Me parece muy bien subrayar las "expectativas incumplidas, la frustración y el descontento social" que deja el populismo, tal y como ha destacado esta semana el ministro de Economía, Luis de Guindos, con ocasión del debate parlamentario en torno a la contribución española al tercer rescate a Grecia. Ahora bien, si hablamos de Grecia también habría que señalar las "expectativas incumplidas" que han dejado la troika y sus dos primeros planes de recate, que sólo han servido para acrecentar todavía más la deuda pública y mantener un ineficiente y sobredimensionado sector público que ese país no se puede permitir.
Los que recordamos –y criticamos– a Zapatero por la contribución española al segundo plan de rescate no tenemos ahora motivo para no hacer lo mismo con Rajoy. Es cierto que el condicionado de este tercer plan es más exigente incluso que el que Alexis Tsipras rechazó y sometió a referéndum. Es cierto también que conlleva plausibles políticas de privatización, liberalización de mercados y reducción del gasto público, pero no son lo suficientemente ambiciosas y, sobre todo, vienen entreveradas con incrementos de la presión fiscal sumamente contraproducentes para la recuperación económica del sector privado. Si hay un Estado que debería equilibrar sus cuentas públicas por la exclusiva vía de la reducción del gasto público, ese es el griego.
Con todo, les mentiría si les dijera que mi persistente escepticismo ante estos planes de rescate radica en las dudas que me sugiere un condicionado con el que estoy en gran parte de acuerdo.
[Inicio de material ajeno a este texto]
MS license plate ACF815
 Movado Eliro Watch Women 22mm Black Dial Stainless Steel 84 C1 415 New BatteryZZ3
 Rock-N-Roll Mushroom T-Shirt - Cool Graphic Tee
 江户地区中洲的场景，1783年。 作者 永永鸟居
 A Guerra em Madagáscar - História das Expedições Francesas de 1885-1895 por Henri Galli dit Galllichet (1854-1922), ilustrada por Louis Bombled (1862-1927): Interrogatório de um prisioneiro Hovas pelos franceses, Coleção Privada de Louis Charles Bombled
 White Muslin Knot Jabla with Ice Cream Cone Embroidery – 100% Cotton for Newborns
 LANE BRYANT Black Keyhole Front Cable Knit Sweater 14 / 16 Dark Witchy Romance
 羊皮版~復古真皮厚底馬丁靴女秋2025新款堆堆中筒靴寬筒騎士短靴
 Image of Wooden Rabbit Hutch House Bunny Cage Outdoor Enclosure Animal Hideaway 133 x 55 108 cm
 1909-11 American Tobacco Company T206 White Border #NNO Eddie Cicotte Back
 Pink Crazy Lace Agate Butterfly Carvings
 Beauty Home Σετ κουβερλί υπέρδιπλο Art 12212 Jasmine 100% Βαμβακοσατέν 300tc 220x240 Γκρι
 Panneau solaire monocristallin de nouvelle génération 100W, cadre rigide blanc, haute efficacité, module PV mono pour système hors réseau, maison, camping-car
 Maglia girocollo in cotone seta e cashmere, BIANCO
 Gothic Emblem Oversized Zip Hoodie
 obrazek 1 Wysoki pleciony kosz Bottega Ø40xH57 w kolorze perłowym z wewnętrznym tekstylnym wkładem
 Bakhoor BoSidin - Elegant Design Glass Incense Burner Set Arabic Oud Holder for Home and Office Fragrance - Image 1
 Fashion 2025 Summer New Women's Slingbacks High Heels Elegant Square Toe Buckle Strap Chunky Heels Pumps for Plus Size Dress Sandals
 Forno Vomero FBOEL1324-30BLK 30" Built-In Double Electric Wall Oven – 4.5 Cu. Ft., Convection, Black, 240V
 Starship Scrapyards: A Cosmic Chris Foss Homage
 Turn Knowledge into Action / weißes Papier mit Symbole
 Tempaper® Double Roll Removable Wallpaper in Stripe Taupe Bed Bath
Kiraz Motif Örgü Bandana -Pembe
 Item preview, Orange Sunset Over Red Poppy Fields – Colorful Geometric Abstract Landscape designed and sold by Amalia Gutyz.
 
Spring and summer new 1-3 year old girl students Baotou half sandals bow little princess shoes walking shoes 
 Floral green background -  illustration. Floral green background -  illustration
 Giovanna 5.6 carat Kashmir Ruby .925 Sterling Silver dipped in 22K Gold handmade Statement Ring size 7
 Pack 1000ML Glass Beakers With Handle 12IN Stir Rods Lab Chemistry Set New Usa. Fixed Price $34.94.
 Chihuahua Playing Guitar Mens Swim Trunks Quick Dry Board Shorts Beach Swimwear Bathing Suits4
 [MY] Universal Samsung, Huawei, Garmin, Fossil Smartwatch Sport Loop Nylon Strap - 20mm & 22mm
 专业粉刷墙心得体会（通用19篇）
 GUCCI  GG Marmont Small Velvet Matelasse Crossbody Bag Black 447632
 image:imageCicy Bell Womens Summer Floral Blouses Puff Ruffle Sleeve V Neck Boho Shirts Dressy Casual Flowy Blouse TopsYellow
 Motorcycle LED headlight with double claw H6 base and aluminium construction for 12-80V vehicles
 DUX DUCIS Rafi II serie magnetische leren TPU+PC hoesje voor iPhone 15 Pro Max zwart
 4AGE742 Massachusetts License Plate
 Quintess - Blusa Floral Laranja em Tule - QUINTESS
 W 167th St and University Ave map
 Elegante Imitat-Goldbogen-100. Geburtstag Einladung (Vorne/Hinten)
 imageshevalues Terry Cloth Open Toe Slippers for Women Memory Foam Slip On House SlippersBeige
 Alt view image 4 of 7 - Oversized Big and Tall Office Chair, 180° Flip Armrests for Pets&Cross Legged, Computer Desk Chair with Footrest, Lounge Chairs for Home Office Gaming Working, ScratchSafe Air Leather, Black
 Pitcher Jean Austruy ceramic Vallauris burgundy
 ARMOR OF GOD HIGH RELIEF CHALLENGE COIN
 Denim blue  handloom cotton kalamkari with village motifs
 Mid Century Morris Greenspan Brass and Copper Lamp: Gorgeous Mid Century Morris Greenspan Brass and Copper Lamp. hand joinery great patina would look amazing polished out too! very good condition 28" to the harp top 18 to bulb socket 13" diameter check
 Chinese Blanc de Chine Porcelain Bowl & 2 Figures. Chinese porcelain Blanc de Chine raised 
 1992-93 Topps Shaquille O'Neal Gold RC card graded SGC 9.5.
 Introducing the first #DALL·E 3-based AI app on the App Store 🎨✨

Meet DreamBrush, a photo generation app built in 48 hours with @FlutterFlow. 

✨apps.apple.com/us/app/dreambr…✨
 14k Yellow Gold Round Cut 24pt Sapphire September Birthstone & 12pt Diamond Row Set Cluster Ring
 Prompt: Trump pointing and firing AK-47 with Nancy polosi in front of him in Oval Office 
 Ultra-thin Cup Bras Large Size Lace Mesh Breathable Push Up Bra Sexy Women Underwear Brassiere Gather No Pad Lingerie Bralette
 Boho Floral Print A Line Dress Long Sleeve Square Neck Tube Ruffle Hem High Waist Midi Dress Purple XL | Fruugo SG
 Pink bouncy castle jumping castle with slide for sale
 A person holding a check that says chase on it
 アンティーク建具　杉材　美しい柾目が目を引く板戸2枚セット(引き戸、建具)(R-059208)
Mi escepticismo radica, sobre todo, en la escasa credibilidad que me merece Alexis Tsipras. Y es que una cosa es que el Gobierno griego haya incumplido las populistas expectativas de su programa y otra, muy distinta, que vaya a cumplir las expectativas de la troika.
Naturalmente, podemos dar por muerto y enterrado el programa de Syriza, que, por lo demás, nunca entrañó más peligro que el que tenían las tragaderas de la troika que habría de financiarlo. Pero si las tragaderas de estos malditos organismos que usan a su antojo el dinero de los contribuyentes no son lo suficientemente grandes para financiar el populismo colectivista, sí lo son para financiar ese consenso socialdemócrata que sigue abogando por el sector y el intervencionismo públicos y que está en la génesis de toda crisis de deuda.
Aunque los populistas vayan de antisistema –y, frente a la democracia liberal, ciertamente lo son–, no dejan de constituir una deriva radical, pero sumamente lógica, de una casta y un consenso socialdemócratas absolutamente dominantes, que consideran que el Estado, lejos de limitarse a velar por la justicia y la libertad de los ciudadanos, debe ser la fuente gratuita de donde obtener vivienda, trabajo, educación y atención sanitaria. Es la frustración que genera el Estado del Bienestar lo que alimenta la ilusión, todavía más condenada a la frustración, del populismo.
De los polvos de ese consenso socialdemócrata viene el lodo del populismo. Que nadie cante victoria por la supuesta vuelta del Gobierno griego al redil de la casta. Se habrá barrido el lodo pero el polvo sigue ahí.